On track to rest its case Friday against Manafort, the government has three witnesses left to call. Testimony from one employee of the New York Yankees could return the spotlight to Manafort's spending habits.

ALEXANDRIA, Va. (CN) – Two bank workers and one employee of the New York Yankees are expected to round out the witness list before federal prosecutors rest their case against Paul Manafort on Friday.

Putting a crimp in the expected closeout of the government's case, however, U.S. District Judge T.S. Ellis III adjourned proceedings after just an hour this morning until 1:45 p.m.

Ellis said only that he needs to attend to other matters, offering little explanation for the departure from what has otherwise been a breakneck pace.

In a trial expected to take three weeks, the speed of proceedings these last nine days has been due in large part to Judge Ellis, who has made it a common refrain to bellow "hurry it up" at prosecutors Greg Andres, Uzo Asonye and Branden Van Grack from across the bench.

The 78-year-old Reagan appointee earned pushback from prosecutors Friday morning, however, over a recommendation he made the previous afternoon that they “spend time on a loan that was granted.”

The comment came Thursday when prosecutors were questioning Taryn Rodriguez, a loan officer assistant at Citizens Bank, regarding Manafort’s representations in a loan application.

Though Manafort was denied the loan in question, the government says it is not required to prove that Manafort was successful in achieving any or all parts of a conspiracy.

“The court’s suggestion ... that the government was unnecessarily spending time on a loan that Manafort did not receive undermines the well established law on conspiracy, undercuts the charge in Count 28, and is likely to confuse and mislead the jury,” the the special counsel’s team said Friday morning in a motion for a curative instruction.

Another concern of the prosecutors is that the judge's remark “misrepresents the law regarding bank fraud conspiracy [and] improperly conveys the court’s opinion of the facts."

Thursday's proceedings ended meanwhile with Judge Ellis signing off on a request by prosecutors to seal a portion of an Aug. 7 sidebar conference that would otherwise “reveal substantive evidence pertaining to an ongoing government investigation.”

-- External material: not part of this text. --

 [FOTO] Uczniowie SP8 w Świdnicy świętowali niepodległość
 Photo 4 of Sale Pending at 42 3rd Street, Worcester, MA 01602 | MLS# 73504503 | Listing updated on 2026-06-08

Though Manafort was indicted as part of Special Counsel Robert Mueller’s investigation of Russian tampering in the 2016 U.S. election, there has been little mention in the trial of Manafort’s work on the campaign trail for Russia’s preferred candidate, President Donald Trump.

Manafort’s trial on bank and tax-fraud charges began with roughly two days dedicated to unraveling his lavish lifestyle and his penchant for couture fashion. The defendant's extravagant spending is expected to take focus again when the government calls its expected final witness, Irfan Kirimca, senior director of ticket operations for the New York Yankees.

Prosecutors say Manafort had trouble paying for his season tickets, using his ill-gotten gains to secure his box seats.

Two other witnesses for Mueller who have yet to testify are Dennis Raico and James Brennan of Federal Savings Bank.

Court documents show that FSB lent Manafort and his wife, Kathleen, roughly $6.5 million in January 2017 for a property in Brooklyn that the former lobbyist owned. A month later the Chicago-based bank lent one of Manafort’s corporate entities roughly $9.5 million.

Alleging that Manafort made misrepresentations on his loan applications to defraud these financial institutions, the government has granted Raico and Brennan use immunity.

With thousands of pages of evidence in play, it is still unclear whether Manafort’s defense intends to call any of its own witnesses to counter the testimony given by 23 witnesses and counting from the prosecution.